Why do my relationships keep failing?
Dear Dr Nekia,
It looks like all of my relationships end the same way. I don’t know if it is something that I am doing wrong or if I keep getting involved with the wrong kind of men. I understand that relationships sometimes do not work out, but my last three have all ended with my man losing interest in me. Everything starts off great, but they eventually make excuses for why they do not want to spend as much time with me. Then they do not want to have sex as much and finally, they end up becoming so distant that we just break up. I am really afraid to get into another relationship because I do not want to keep going through this. Is there anything that I can do to stop this from happening again?
Relationships Keep Failing
Dear Relationships Keep Failing,
Oftentimes we are told that the reason for our relationship failures is not due to us but due to the other person. Friends and family try to assure us that there is nothing wrong with us; it is the other people who cannot appreciate us for the great catch that we are. Sometimes, this is true. But most times, if we are honest with ourselves, our relationship patterns are due to our own shortcomings.
Whether healthy or not, most, if not all of us, have developed thoughts, beliefs, and patterns of behaviour that determine how we view relationships and which types of partners we choose. These patterns are what shape our perceptions and motivate our actions when it comes to forming intimate social bonds. When these patterns are negative or unhealthy, they can be very difficult to change. We tend to hold tight to them whether they are working in our favour or not.
Take a look at the kind of guys you have been attracting. Do they have similarities? If so, list them so that you can get a clear picture of possibly negative characteristics. Once these characteristics are identified, you can avoid getting involved with men who have them. Next, take a look at yourself. Because you mentioned the gradual way in which your last three partners created distance from you, it may be that you are doing or saying some things that push men away or cause them to lose interest. What is it that you have to offer a man? Where is it that you could possibly be going wrong? Do you change after a period of time? Do you stop doing or offering the same things that you did in the beginning of the relationship? Did your appetite for, or attitude towards sex, change?

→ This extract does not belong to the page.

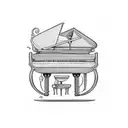 A grand piano with intricate details and musical notes floating around it tattoo design idea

Failed relationships are never 100 per cent one person’s fault — even if your fault is that you ignore signs that tell you not to choose a certain partner. If it is that you are choosing unsuitable partners, you will want to find out why. By questioning and identifying behaviours that are key to how your relationships begin and develop, you will be able to work towards being able to attract a suitable man and also being able to keep his attention and interest.
Dear Dr Nekia,
An interesting topic has come up in my relationship. It surrounds oral sex. Both my wife and I enjoy receiving and giving however we do have our own ideas of when, where and who should give it first. The ‘when’ and ‘where’ is easily resolved, but we still disagree on the ‘who’. I know it might sound silly, but a man just does not want to be the one to be first all the time. Sometimes we want to lay back and enjoy it; it helps to get us in the mood.
On the other hand, my wife feels that a man should go first because it takes more effort and longer for a woman to get in the mood.

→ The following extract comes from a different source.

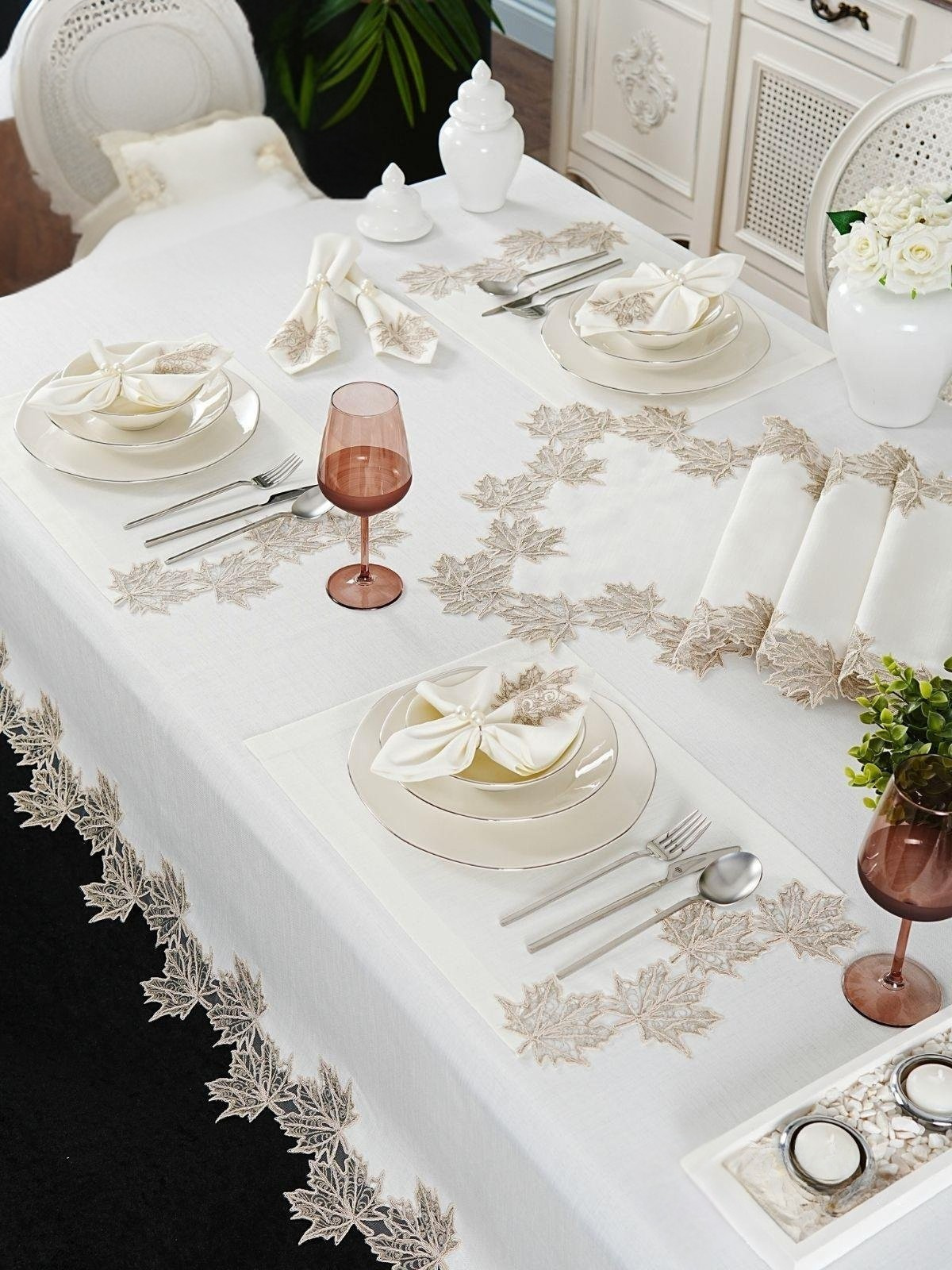 Little Plane Tree Model Luxury Dinnerware Set, 38 Pieces, Full Set - Coffee Lace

I understand that point, but if I think about that all of the time, giving my wife oral pleasure becomes a chore. My question is, does it really matter who goes first?
Who Goes First
Dear Who Goes First,
It doesn’t matter who touches first, who kisses first, or who performs oral sex first. What matters is that you and your partner are sexually compatible and that each is comfortable with the other’s sexual personality. Some people are more sexually aggressive, so they will tend to initiate and dominate whereas more reserved people will likely welcome sex, but not initiate or take the lead. Both are OK. Problems come about when one partner expects the other to act outside of their sexual personality, and when one or more partners switch their sexual personalities.

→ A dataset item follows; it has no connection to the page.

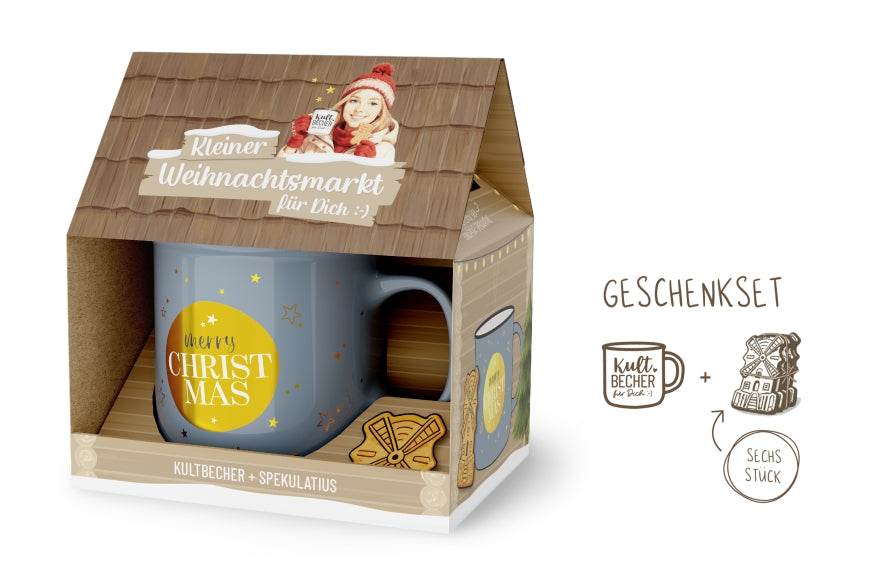 Kleiner Weihnachtsmarkt Geschenkset Merry Christmas – Kultbecher Blaugrau mit goldenem Kreis + Spekulatius im Haus-Design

An example would be when someone who is usually the one to initiate sex begins to complain about having to be the one to always initiate.
Here, they’re expecting their partner to develop a more aggressive sexual personality to relieve themselves of their usual role. This can cause awkwardness and resentment in the bedroom, because their partner may not be comfortable with this expectation of change.
Another example would be when someone is no longer as interested in sex as they once were. Nevertheless, in marriage, both partners should feel comfortable enough to give and receive pleasure in multiple ways. You should know one another well enough to know if, when, where and by whom sex should be initiated.
Healthy couples are at least somewhat flexible in their sexual roles because they have opened up to one another enough to trust, explore and enjoy their sexual union.
Sexual flexibility and adaptability can alleviate much of the associated sexual boredom that comes along with long-term unions.
Therefore, oral sex may sometimes first be performed by the man, and other times by the woman.
It is true that many women take longer to become mentally and physically ready for sex, however it is also true that many women can shorten this time by performing oral sex on their partners. This is because all of her senses become involved during the act while stimulation of her mouth often translates to there being a stimulation of her genitals as well.
Not to say that all women enjoy or should practise fellatio, but rather that there are reasons for and against why one partner should always give oral pleasure first.
If the woman wants to set the sexual tone however, then she will want to be the dominant kisser, caresser, and pleasure provider during the initial stages of foreplay.